CORS Issue

[gf-atebbe]

I'm trying to run the job manager UI in a separate Docker container from the Cromwell server. The two containers are running on the same host, and I link the two when I launch the job manager UI container.

docker run -d -p 80:80 --link cromwell:cromwell --name cromwell-ui myregistry/cromwell-ui:0.4.1

When I load the job manager UI, I am immediately running into a CORS issue. I tried adding the CORS headers to the nginx server running the job manager UI, but I believe it is the Cromwell server itself that needs to have CORS disabled. Is there any way to do this so that the UI will work? I also tried disabling CORS in the browser but I continue to get this error message.

Access to XMLHttpRequest at 'http://10.66.49.137:8000/api/workflows/v1/capabilities' from origin 'http://10.66.49.137' has been blocked by CORS policy: Response to preflight request doesn't pass access control check: No 'Access-Control-Allow-Origin' header is present on the requested resource.

[calbach]

The CORS issue is with the UI -> job manager API (a shim on Cromwell).

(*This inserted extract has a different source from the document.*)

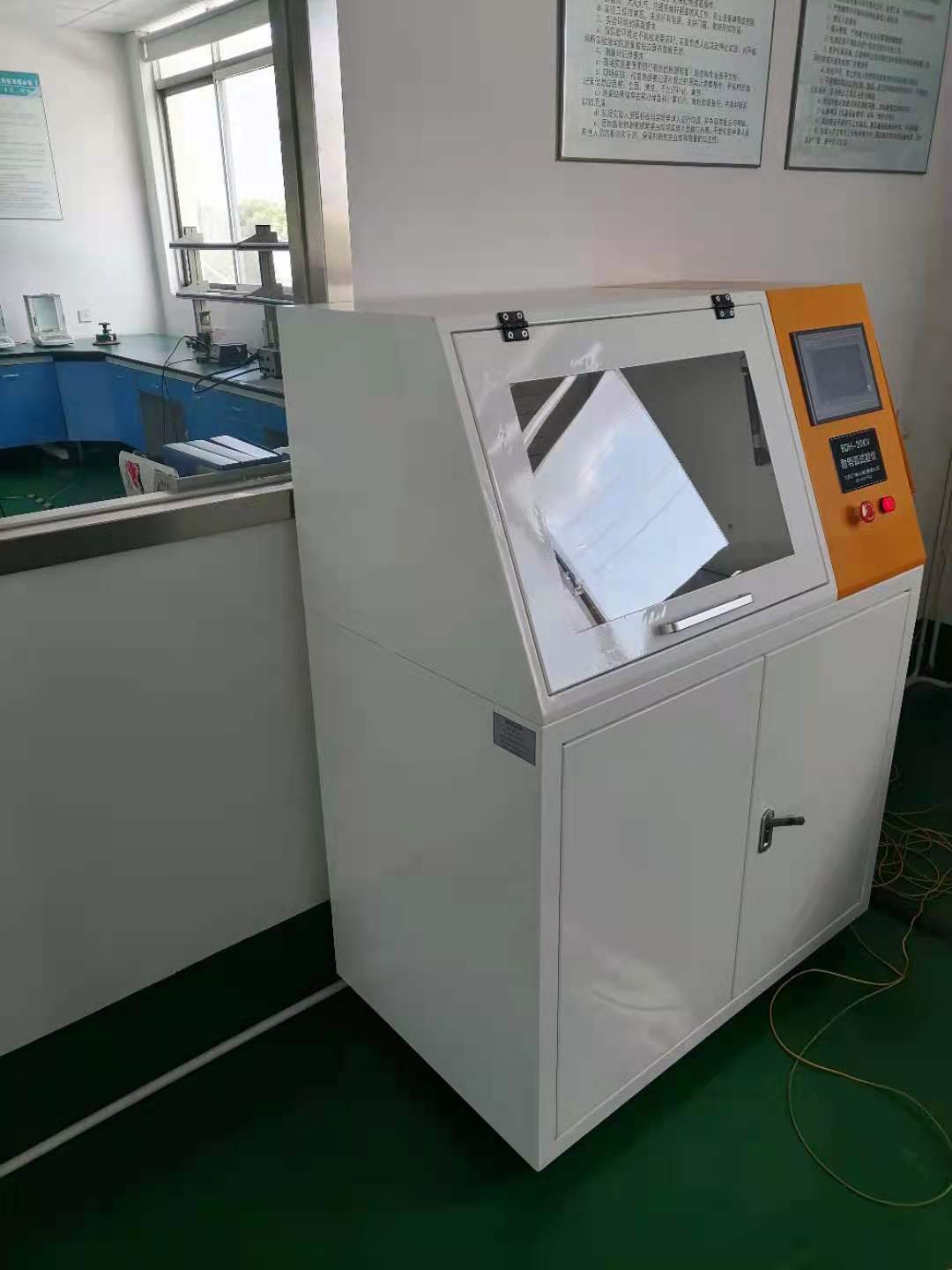 嫩叶草满18点此进在线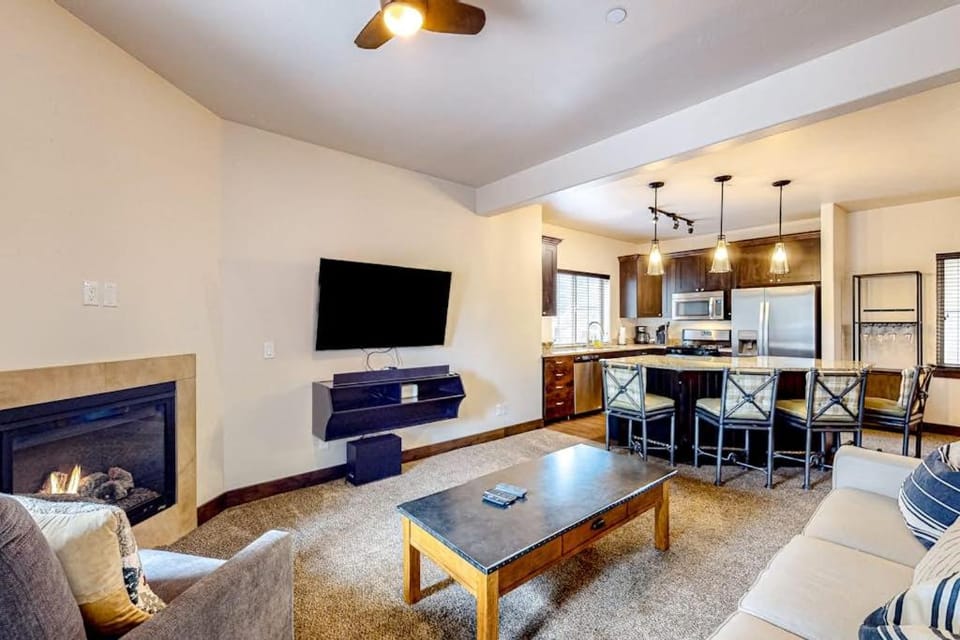 Light-filled condo near Canyons Village with mountain view pool & hot tubs House in Summit Park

AFAICT this isn't a supported configuration for Cromwell, but it would be easy enough to add support (something similar to

job-manager/servers/dsub/jobs/__main__.py

Line 67 in 6535563

if args.allow_origins:

). Alternatively you can run with docker-compose which will put the UI and API behind the same port.

I'm not sure what the latest intended/supported configurations for a Cromwell deployment. @ruchim or @rexwangcc may know.